On February 18, 2009, a problem on a transmission line between Bruce Power Generating Station and Milton, Ontario forced the generating station to take one of its generators offline. This cut in generation created a supply/demand imbalance in hours ending (HE) 11, 12 and 13 (from 10 am to 1 pm). Prices for those hours spiked, particularly in HE 11 and 12. The peak price of $1,891/MWh occurred in HE 12 and over the three-hour period prices averaged $1,030/MWh.

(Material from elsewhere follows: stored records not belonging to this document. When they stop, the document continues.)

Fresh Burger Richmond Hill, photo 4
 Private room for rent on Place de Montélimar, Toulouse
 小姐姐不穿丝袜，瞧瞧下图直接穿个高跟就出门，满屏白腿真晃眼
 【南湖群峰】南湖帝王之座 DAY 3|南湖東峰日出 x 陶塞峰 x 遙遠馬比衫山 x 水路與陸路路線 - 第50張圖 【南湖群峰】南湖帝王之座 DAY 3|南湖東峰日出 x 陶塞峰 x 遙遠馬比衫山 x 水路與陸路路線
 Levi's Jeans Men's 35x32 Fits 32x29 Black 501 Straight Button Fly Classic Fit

Such spikes can often cause alarm. However, unless they are sustained, their impact is frequently not as large as thought. This is particularly true in the Ontario electricity market, where the government and its agencies have put a number of fixed-price arrangements in place on behalf of customers.

The math

Let's look at the numbers.

If we use prices from February 17 and 19 and make certain other assumptions, in the absence of the price spike, prices on February 18 might have averaged about $40/MWh over the three hours in question. This means that over that period, prices were on average about $990/MWh higher than they would have been without the spike.

Given the average Ontario demand of 19,286 MW over the three hours, the notional cost to the market of the three-hour price premium was about $ 57 million.

Impact on HOEP

Spreading the unit price premium over the 8,760 hours in a year, the impact on the average Hourly Ontario Energy Price (HOEP) would then be:

$990/MWh x 3 hours / 8,760 hours = $0.339/MWh

Actual bill impact

The fixed-price arrangements mentioned earlier serve to mitigate about 75% of variations in HOEP. That means the net impact on HOEP over one year is about $0.085/MWh. On a typical all-in unit cost of $100/MWh (10 cents/kWh), this represents 0.085 %.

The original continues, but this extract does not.